The valuation of big-box retail properties for taxation purposes has emerged as a contentious area in commercial real estate appraisal, epitomized by the debate surrounding the dark store theory. This theory posits that active retail stores should be appraised as if they were vacant — or “dark” — for the purposes of property tax assessment. This valuation approach has sparked significant debate among appraisers, tax assessors, property owners, and policymakers due to its implications for taxation and market valuation.
Background and evolution of big box retail
Big box retail, characterized by large, free-standing megastores located predominantly in suburban areas, has been a significant player in the retail landscape since its inception in the early 1960s. These stores were designed to serve the expansive suburban families who valued convenience and affordability, which catalyzed their expansion. However, the rise of e-commerce has significantly altered consumer expectations and shopping behaviors, prompting big box retailers to adapt by integrating online shopping with physical store experiences. Recently, there has been a notable shift towards curbside pickup and delivery services, reflecting an operational adaptation to the growing demand for convenience and immediate gratification. This evolution is starting to render traditional big box models somewhat obsolete, as the physical need for large retail spaces diminishes, challenging appraisers to reassess the highest and best use of these properties in light of changing retail dynamics.
Fundamental misunderstandings in valuation
A fundamental misunderstanding in the valuation of big-box properties lies in distinguishing between ‘value in use’ and ‘market value’. Value in use refers to the value of a property specific to a particular user, often resulting in a higher assessment due to the property’s custom features designed for the original tenant’s operations. Conversely, market value represents the price at which the property would transact in a competitive market setting, irrespective of the specific needs of any particular buyer.

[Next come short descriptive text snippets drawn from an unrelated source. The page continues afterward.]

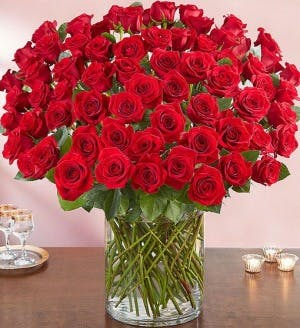 100 Reasons & Roses Romance & Anniversary flowers Jupiter Delivery (FL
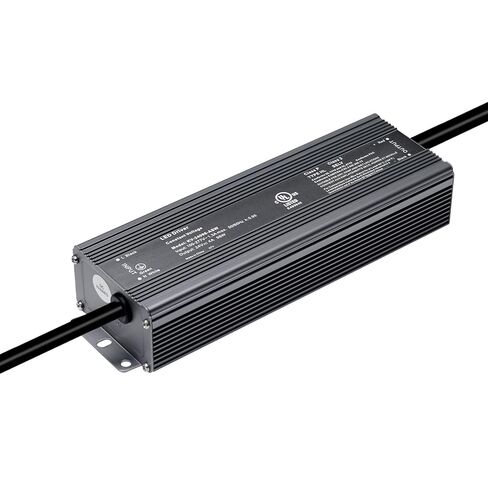 Shine Decor UL مدرج 24 فولت 96 وات فئة 2 IP67 مزود طاقة مقاوم للماء، غير قابل للتعتيم 100-277 فولت تيار متردد إلى 24 فولت تيار مستمر 4 أمبير مع قابس 3 شوكات لشريط LED in Kuwait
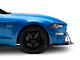 GT500 Style Front Bumper Splitter; Satin Black Vinyl (18-23 Mustang GT, EcoBoost)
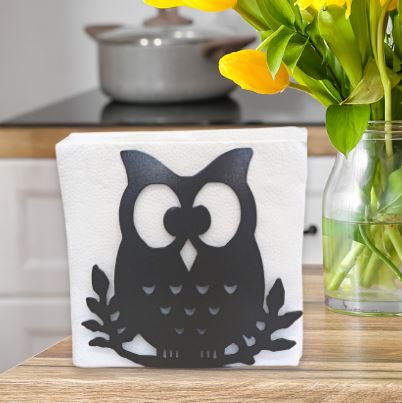 Metal Owl Napkin Holder or Mail Organizer image 0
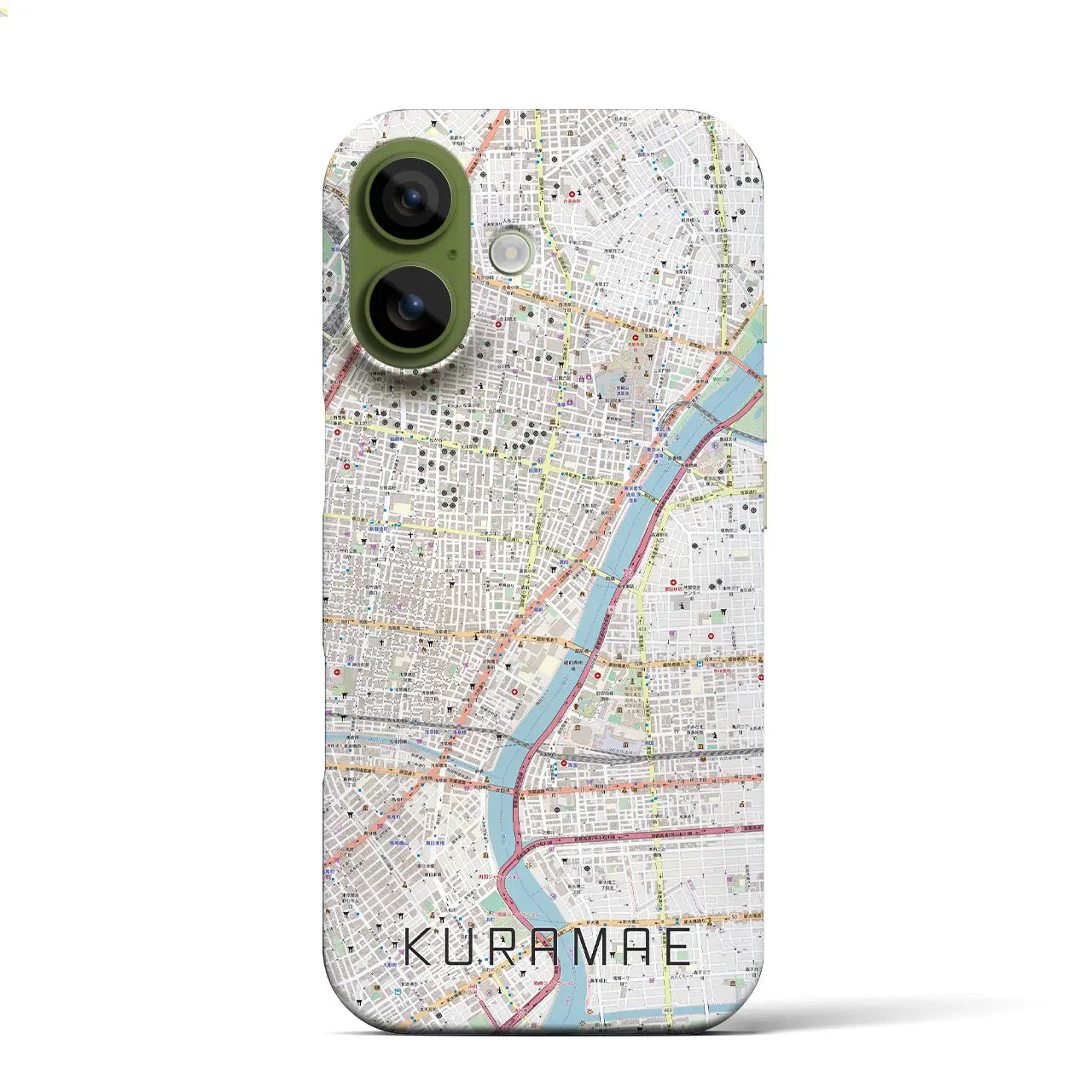 【蔵前(東京都)】地図柄iPhoneケース(バックカバータイプ)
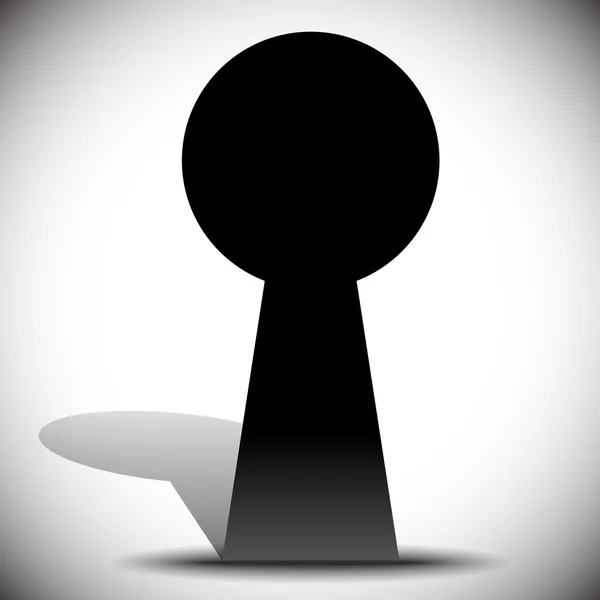 Keyhole, lock icon, symbol — Stock Vector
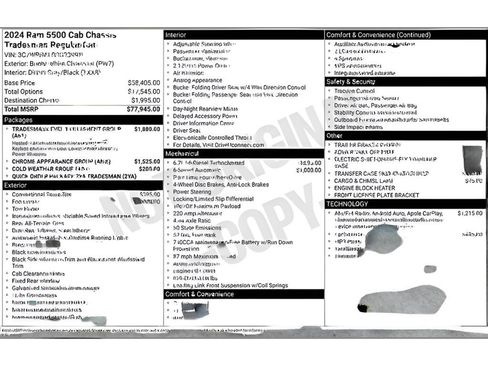 Used 2024 RAM 5500 Tradesman AWD/4WD image 39
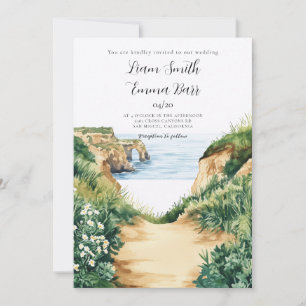 Biarritz France Destination Wedding Invitation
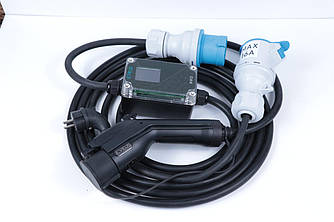 Зарядний пристрій для електромобілей Tesla EVEUS 11 кВт Pro 48А Type 1 (J1772) з LCD WiFi (колишній Energy Star)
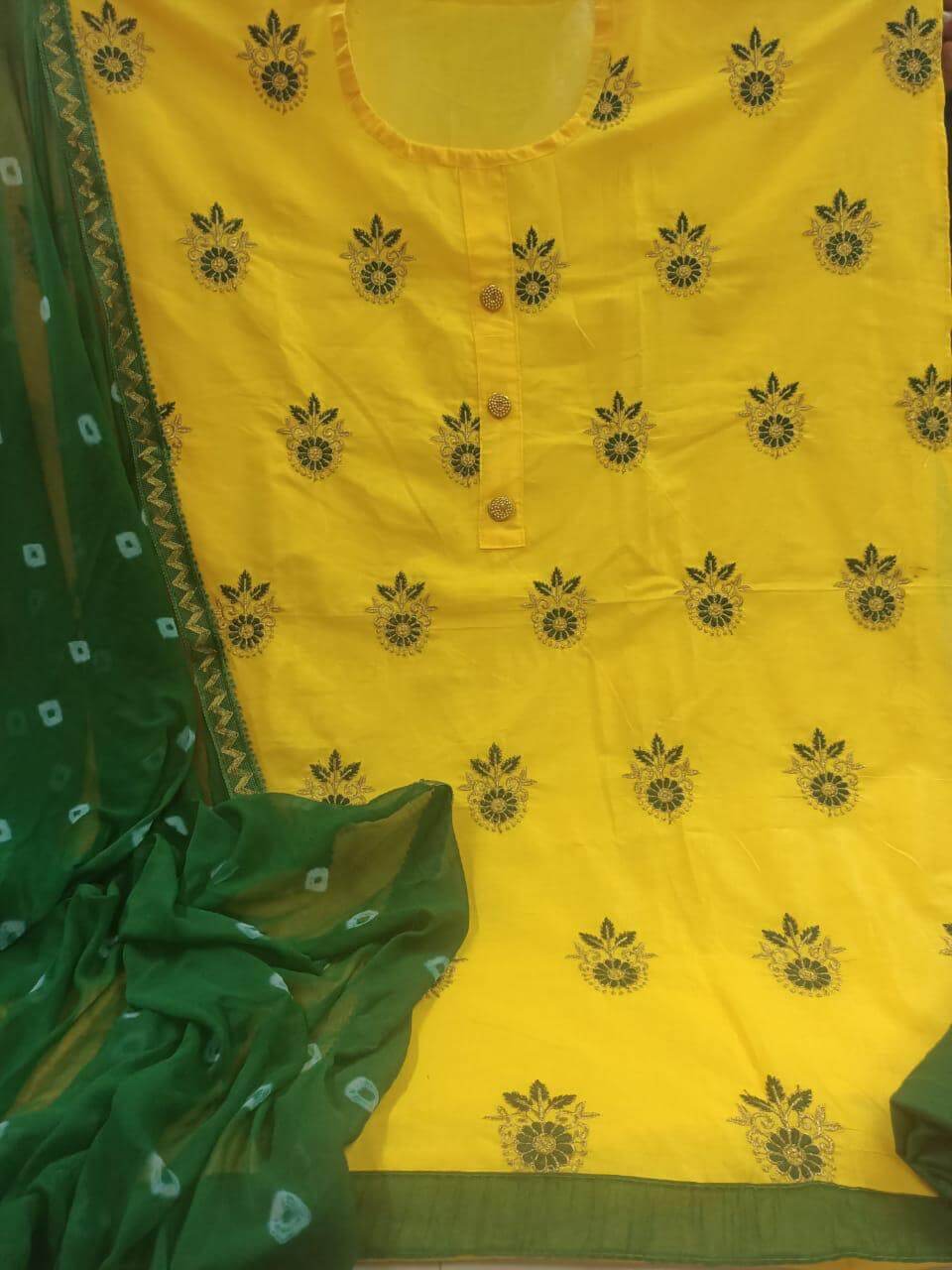 Fc Pc Cotton  Vol 2 Designer Embroidery Cotton Dress Materials Catalog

The dark store theory challenges this by advocating for the assessment of operational stores as if they were vacant, potentially undervaluing properties and affecting municipal tax revenues.
The dark store theory explained
The dark store theory argues that operational big-box stores should be valued as if they were empty, basing property tax assessments on the characteristics of vacant and possibly obsolete properties. This approach has led to significantly lower tax assessments for operational stores, impacting municipal budgets and redistributing tax burdens. The theory’s application often involves the sales comparison approach, where the chosen comparable properties are vacant, potentially skewing the market value assessments of fully operational stores.